Pendidikan Islam Indonesia Wajib Menjaga dan Melanjutkan Peradaban
Oleh Irham Yuwanamu, Peneliti Purisdiki dan dosen Unisma Bekasi
Sejarah peradaban Islam sudah cukup maju. Munculnya berbagai macam disiplin ilmu itu menjadi bukti. Dalam mengkaji al Qur'an saja banyak disiplin ilmu yang lahir yang disebut dengan ulum al Qur'an (ilmu-ilmu untuk memahami al Qur'an) termasuk di dalamnya ada ilmu tafsir. Begitu juga hadits (ulum al hadits) isinya ada ilmu diroyah, riwayah, sabab al wurut, dan lainnya.
Berkembang juga ilmu akhlak, tasawuf, filsafat, tauhid, fiqh, usul fiqh sampai pada ilmu yang sifatnya empiris. Seperti Ibn Sina melahirkan banyak teori kedokteran. Ini peradaban yang sudah tumbuh ke atas.
Kalau kita umat Islam yang hidup di masa sekarang dan enggan membaca karya-karya dan tradisi keilmuan yang sudah terbangun berarti kita memutus tali peradaban itu. Karya intelektual itu seakan menjadi sia-sia dibangun.

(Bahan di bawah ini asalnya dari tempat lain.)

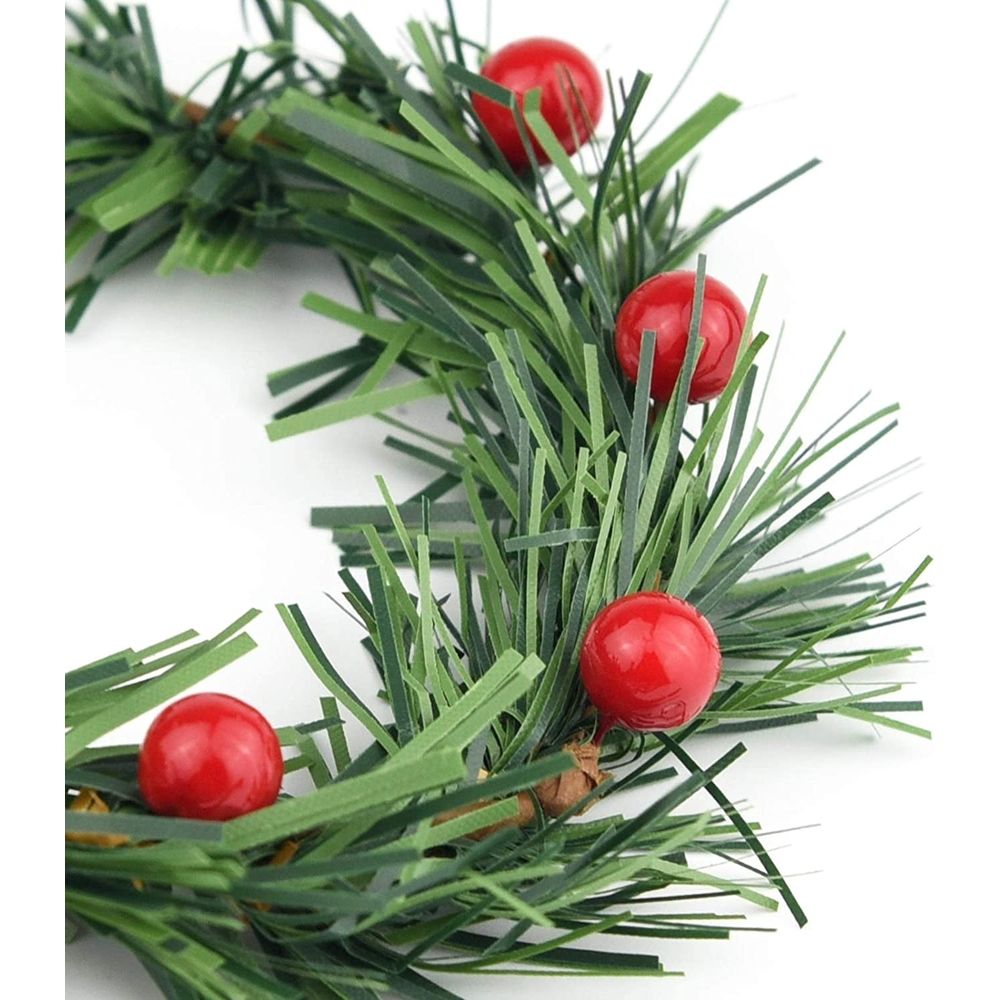 8PCS Christmas Candle Rings, Small Artificial Red Berry Wreath Candle Holder Rings, Fits 3 Inch Pillars Candle Tapers for Rustic Wedding Centerpiece Christmas Table Decoration
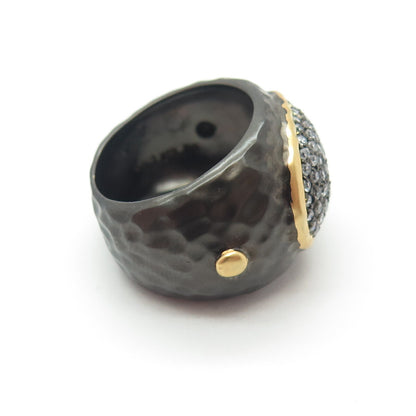 925 Sterling Silver Black Rhodium 2-Tone Pave C Z Hammered Finish Ring Size 7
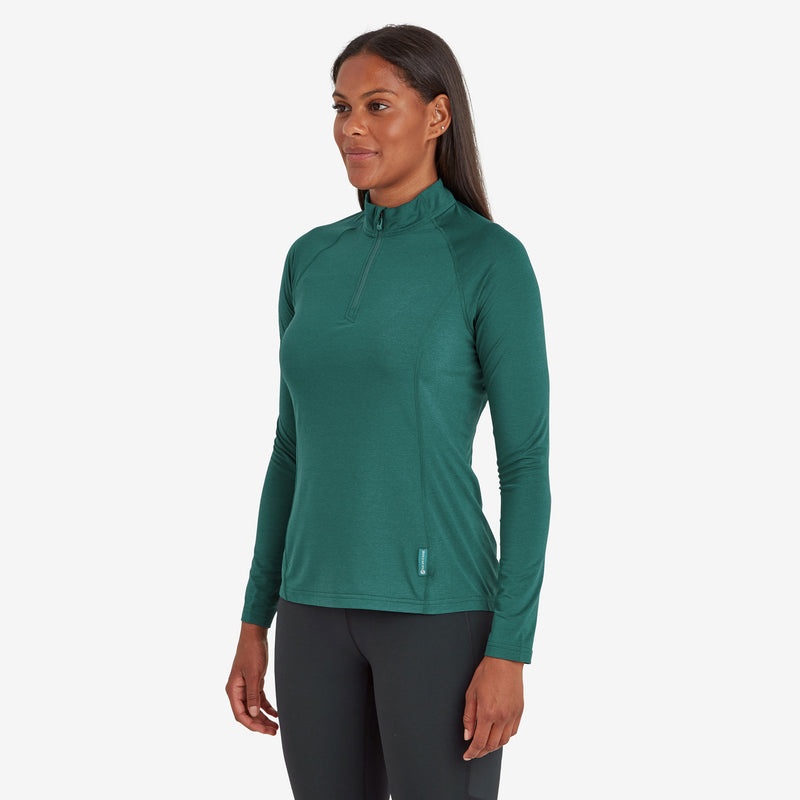 Koszulka Montane Dart Thermo Zip Neck Damskie Ciemny Zielone | YU6273458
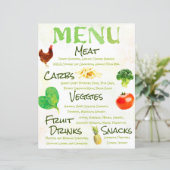 Menu Fruits et légumes d'aquarelle (Debout devant)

Misalnya saja sekarang ada tren memahami al Qur'an dan hadits langsung fokus pada ayat al Qur'an dan haditsnya atau kalau tak paham bahasa Arab cukup melalui terjemahan. Dengan seperti itu menurutnya melepaskan dari taklid dan kembali langsung pada sumber aslinya yaitu al Qur'an dan hadits. Dari tren ini maka ulum al Qur'an dan ulum al hadist dan ilmu bantu lainnya tidak perlu dibaca. Begitulah faktanya.
Saya jadi sedih mengapa tren ini makin terus berkembang, bahkan para pengajar agama banyak yang lahir dengan metode yang sangat sederhana ini. Apakah masalahnya malas belajar atau tidak mampu, ingin instan saja atau yang lainnya?
Kalau cara belajar agama yang sederhana itu terus berkembang maka dengan sengaja memutus tali peradaban yang sudah terbangun. Bila demikian bisa jadi rumusan pemikiran yang dihasilkan antara lebih bagus atau lebih buruk kualitasnya. Tapi dugaan saya pasti lebih buruk. Ibaratnya membangun rumah tanpa skill pertukangan dan ilmu arsitektur, ya jadinya seadanya.
Dalam dunia akademik saja ada hukum wajib, apabila mau riset, membuat skripsi, tesis atau disertasi, menelisik penelitian terdahulu yang relevan supaya kerja riset kita tidak pengulangan yang pernah ada, atau plagiat. Maksudnya kita diminta untuk melanjutkan riset sebelumnya untuk perkembangan ilmu pengetahuan.
Itulah hemat saya kita wajib belajar ilmu-ilmu yang sudah berkembang dalam disiplin ilmu. Kalau tidak semuanya ya perdalam sepesialisasi keilmuannya saja. Misalnya mau ahli di bidang al Qur'an ya perlu menguasai ilmu-ilmu al Qur'an dan ilmu bantunya dan begitu seterusnya.
Dengan mengkaji ilmu-ilmu yang sudah ada kita bisa taklid (mengikuti pendapat yang ahli) atau kita mengembangkannya. Kalau tidak mampu berijtihad ya taklid (mengikuti) saja. Mengikuti kepada yang ahli itu lebih baik dari pada mengikuti pikiran sendiri atau pikiran orang lain yang tanpa dasar keilmuan.
Oleh karena itulah peran yang semestinya lembaga pendidikan agama Islam. Mengkaji warisan keilmuan terdahulu lalu mengembangkannya adalah menjadi misi utamanya. Di Indonesia lembaga pendidikan Islam bervariasi ada pondok pesantren, madrasah, sekolah Islam, dan perguruan tinggi Islam. Prinsip dasar di atas menurut hemat saya yang harus dipegang oleh semua lembaga pendidikan Islam.
Naif sekali kalau pendidikan Islam tidak / enggan mengkaji keilmuan keislaman yang sudah terbangun. Kalau demikian lembaga pendidikan Islam dapat dikatakan sebagai sumber pemutus tali peradaban.